Under this scheme, participating banks were pressured to meet the disbursement and development targets and search for underserved SMEs who wanted to borrow. This is because banks wanted to avoid the interest costs for the unutilized portion and continue to qualify for a next fund allocation. The results so far have been positive.
Another area where Sri Lanka’s banking system lags countries of comparable income per capita is in banking sector penetration – with the banking footprint of project financing and securitization being relatively small. These areas are crucial if banks are to take up a greater role in developing infrastructure financing in Sri Lanka.
Sri Lanka has been investing in infrastructure development largely through the budget, including from international financial institutions at semi-concessional rates such as the ADB and the World Bank, and across nonsovereign financing at more commercial rates.
Skilled labor and improvements to human capital, together with building world class infrastructure―including connectivity from farm to market and from ports to rail to airports―will be critical. Looking forward, despite some success, public finances cannot continue to drive this build up in capital formation.
Banks and capital markets should provide the critical link, and eventually know how to successfully drive this transition to a more homegrown and commercially-based sustainable infrastructure financing model.
Elsewhere in Asia, banks finance infrastructure development during the construction phase working closely with other sponsors and developers. Pricing of loans during the riskier construction phase of the project should reflect risks, and these assets in turn sold-off by banks post construction. Special purpose vehicles could be promoted tocontinue providing funding through local currency bond markets.

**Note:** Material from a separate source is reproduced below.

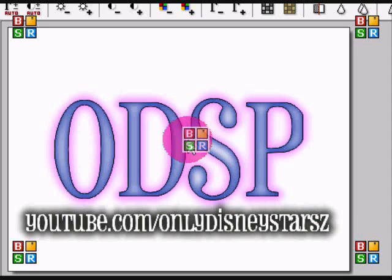Hi everyone, this is the Only Disney Stars Production, youtube.com/onlydisneystars. Just to let you guys know, I changed my Disney Stars fan site to Only Disney Stars.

While the returns post-construction would suggest for banks to keep these performing assets on their balance sheets given the decline in risk, this could potentially undermine banks’ asset liability management given the long-term financing associated to infrastructure projects. Indeed, once a deal flow of such infrastructure projects is generated in an economy―including through public–private partnerships―banks can comfortably sell their loans from their portfolio, and more effectively recycle capital for new greenfield projects.
In Sri Lanka, the trade-off between innovation and the largely fail-safe banking practices could be rebalanced by promoting greater innovation in such areas as core development banking. The government is planning to relaunch the idea of infrastructure development banks or even nonbank financial institutions, and hopefully these will make good progress in the coming year.